It is possible that the Nelder–Mead algorithm converges to points that are not local optima. See Example 2.9 in the GH book.

Questions: 1. How is the initial simplex constructed? 2. How to set the stopping criteria?

Advanced methods are available in R package .

3.2.4 Optimization with R

See conversation with John Nash about r optim and r optimx.

3.3 MM Algorithm

The MM algorithm may be viewed as philosophy for optimization algorithms. The EM algorithm is a special case. An MM algorithm operates by creating a surrogate function that majorizes (minorizes) the objective function. When the surrogate function is optimized, the objective function is driven downhill (uphill). The MM can stand for majorization-minimization or minorization-maximization.

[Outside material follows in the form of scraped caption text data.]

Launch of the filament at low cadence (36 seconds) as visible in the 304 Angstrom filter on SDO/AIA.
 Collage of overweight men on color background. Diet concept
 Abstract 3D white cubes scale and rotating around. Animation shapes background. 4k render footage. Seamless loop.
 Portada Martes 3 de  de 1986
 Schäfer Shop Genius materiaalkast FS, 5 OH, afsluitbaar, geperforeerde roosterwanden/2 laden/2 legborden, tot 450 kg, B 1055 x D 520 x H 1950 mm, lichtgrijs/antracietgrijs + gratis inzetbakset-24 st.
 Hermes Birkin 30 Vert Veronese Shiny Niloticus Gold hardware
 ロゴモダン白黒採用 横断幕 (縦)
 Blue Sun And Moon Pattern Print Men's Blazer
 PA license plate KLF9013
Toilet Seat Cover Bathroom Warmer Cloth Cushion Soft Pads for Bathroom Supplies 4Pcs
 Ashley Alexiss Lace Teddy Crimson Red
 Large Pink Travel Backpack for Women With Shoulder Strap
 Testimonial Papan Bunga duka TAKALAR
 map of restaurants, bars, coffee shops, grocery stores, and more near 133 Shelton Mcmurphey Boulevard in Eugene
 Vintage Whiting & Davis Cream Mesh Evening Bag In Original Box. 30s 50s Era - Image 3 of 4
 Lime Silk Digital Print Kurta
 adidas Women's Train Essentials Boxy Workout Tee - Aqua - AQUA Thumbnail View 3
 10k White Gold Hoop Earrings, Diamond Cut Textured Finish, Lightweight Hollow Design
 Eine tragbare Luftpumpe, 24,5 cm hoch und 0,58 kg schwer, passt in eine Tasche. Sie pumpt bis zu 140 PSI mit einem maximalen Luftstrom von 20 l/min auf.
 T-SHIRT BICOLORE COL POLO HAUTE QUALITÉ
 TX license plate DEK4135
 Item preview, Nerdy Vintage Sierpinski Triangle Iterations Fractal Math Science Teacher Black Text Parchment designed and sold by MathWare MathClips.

The algorithm may avoid matrix inversion, linearize an optimization problem, conveniently deal with equality and inequality constraints, and solve a non-differentiable problem by iteratively solving smooth problems.

A function \(g(\theta \mid \theta^s)\) is said to majorize the function \(f(\theta)\) at \(\theta^s\) if \[ f(\theta^s) = g(\theta^s \mid \theta^s), \] and \[ f(\theta) \leq g(\theta \mid \theta^s) \] for all \(\theta\).

The descent property of the MM algorithm is easy to see. Let \[ \theta^{s+1} = \arg\min_\theta g(\theta \mid \theta^s). \] It follows that \[\begin{align*} f(\theta^{s+1}) \leq g(\theta^{s+1} \mid \theta^s) \leq g(\theta^{s} \mid \theta^s) = f(\theta^s). \end{align*}\] The strict inequality holds unless \(g(\theta^{s+1} \mid \theta^s)=g(\theta^{s} \mid \theta^s)\) and \(f(\theta^{s+1})= g(\theta^{s+1} \mid \theta^s)\). Therefore, by alternating between the majorization and the minimization steps, the objective function is monotonically decreasing and thus its convergence is guaranteed.

par(mar=c(2.5, 2.5, 0.1, 0.1), mgp=c(1.5, 0.5, 0))
f <- function(x) abs(x - 1) + abs(x - 3) + abs(x - 4) + abs(x - 8) + abs(x - 10)
curve(f(x), 0, 12)
g <- function(x) (x - 5.5)^2 + 15.75
curve(g(x), 0, 12, add = TRUE, col="blue")

Inequalities are used to devise MM algorithms.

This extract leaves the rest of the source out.